— ASSIGNMENT —
Emit a verbatim copy of the lines below from the line with "4PCS Cr-Mo Steel" through the line with "Yoga and Meditation", excluding pictures and everything outside that range.

— ENTRIES SUPPLIED —
########
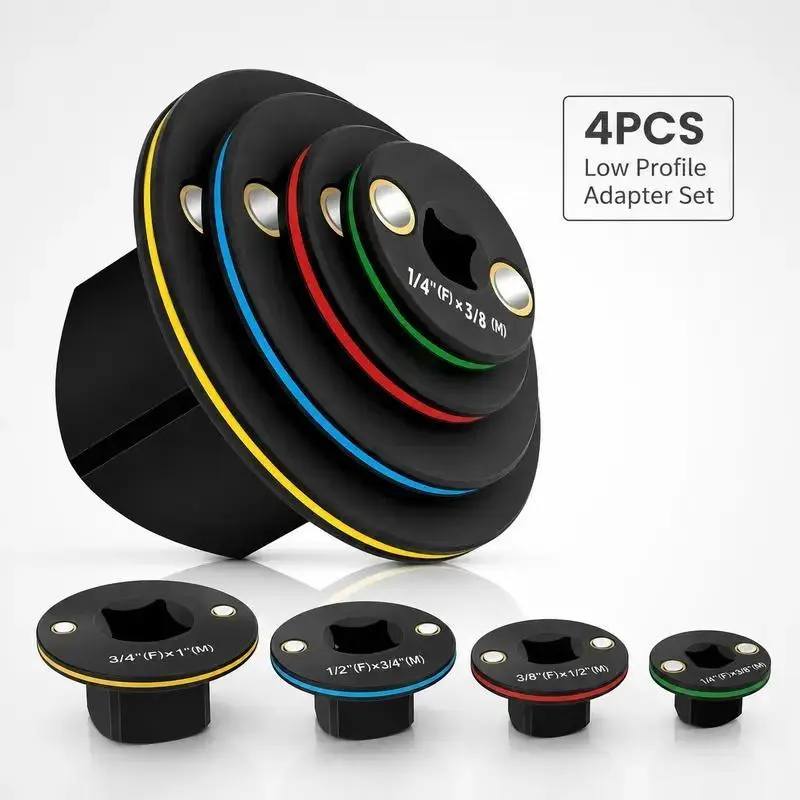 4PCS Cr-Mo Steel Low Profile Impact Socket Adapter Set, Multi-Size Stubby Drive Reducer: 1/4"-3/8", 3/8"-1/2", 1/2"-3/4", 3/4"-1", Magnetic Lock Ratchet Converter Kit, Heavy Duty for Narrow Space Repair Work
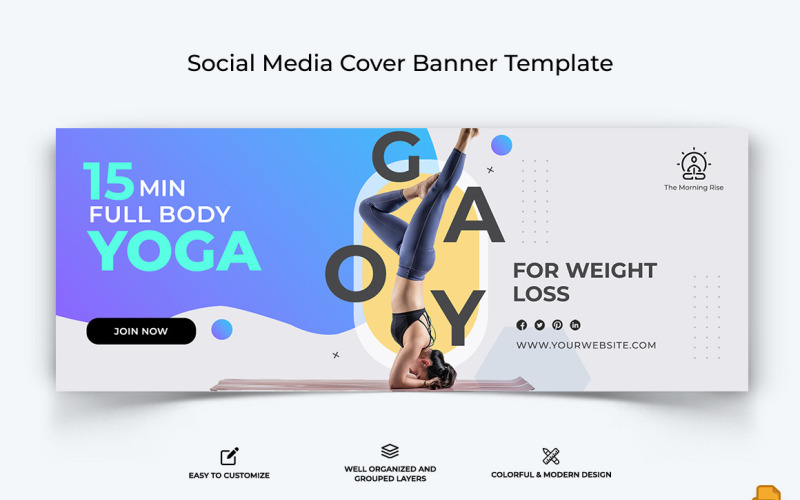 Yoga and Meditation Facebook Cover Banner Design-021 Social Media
########
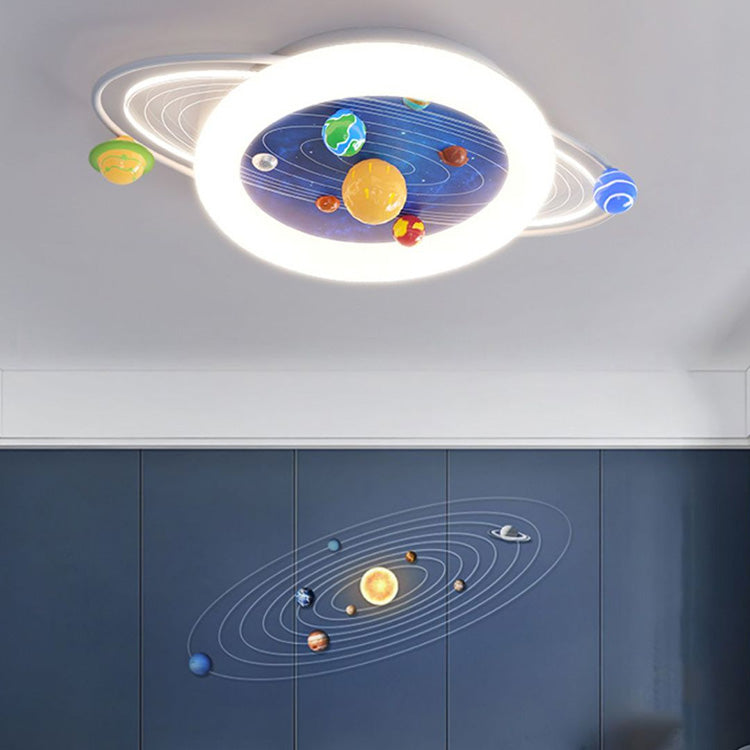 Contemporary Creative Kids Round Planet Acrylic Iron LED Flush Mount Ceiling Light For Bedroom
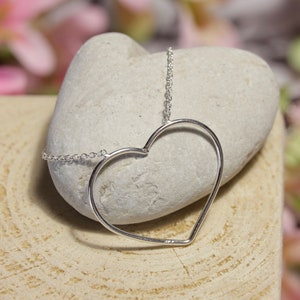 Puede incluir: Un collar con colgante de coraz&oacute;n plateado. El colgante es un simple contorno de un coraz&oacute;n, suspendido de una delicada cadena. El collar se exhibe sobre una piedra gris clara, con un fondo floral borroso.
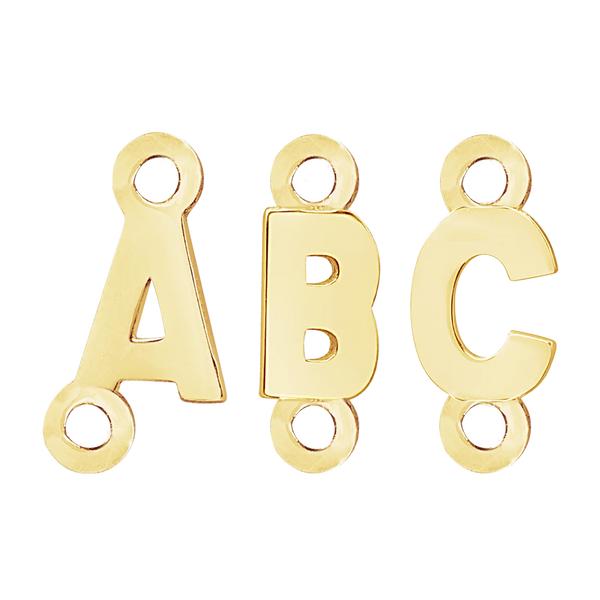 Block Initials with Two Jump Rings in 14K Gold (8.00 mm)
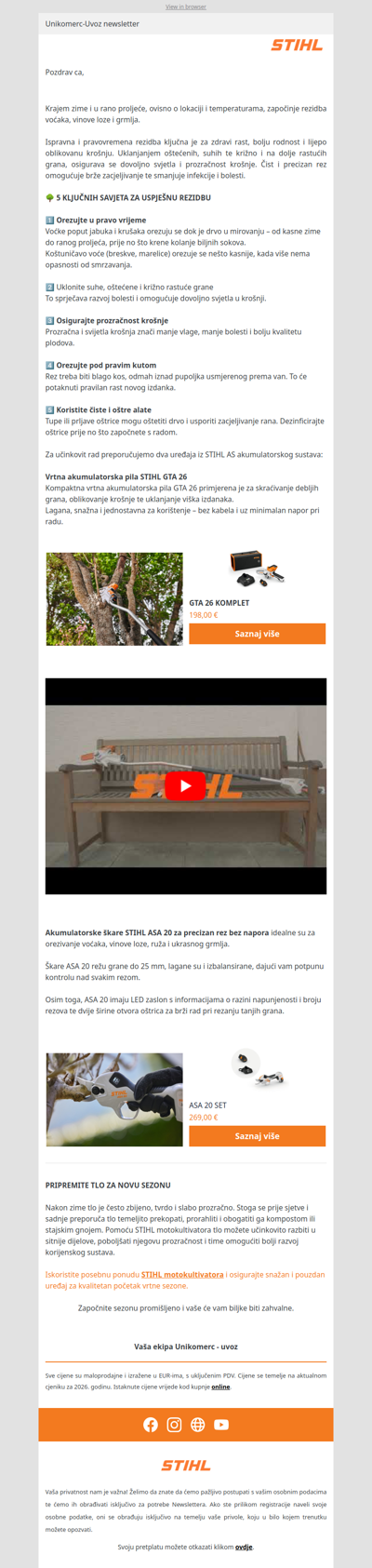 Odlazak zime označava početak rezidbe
########
— RESULT BELOW —
 4PCS Cr-Mo Steel Low Profile Impact Socket Adapter Set, Multi-Size Stubby Drive Reducer: 1/4"-3/8", 3/8"-1/2", 1/2"-3/4", 3/4"-1", Magnetic Lock Ratchet Converter Kit, Heavy Duty for Narrow Space Repair Work
 Yoga and Meditation Facebook Cover Banner Design-021 Social Media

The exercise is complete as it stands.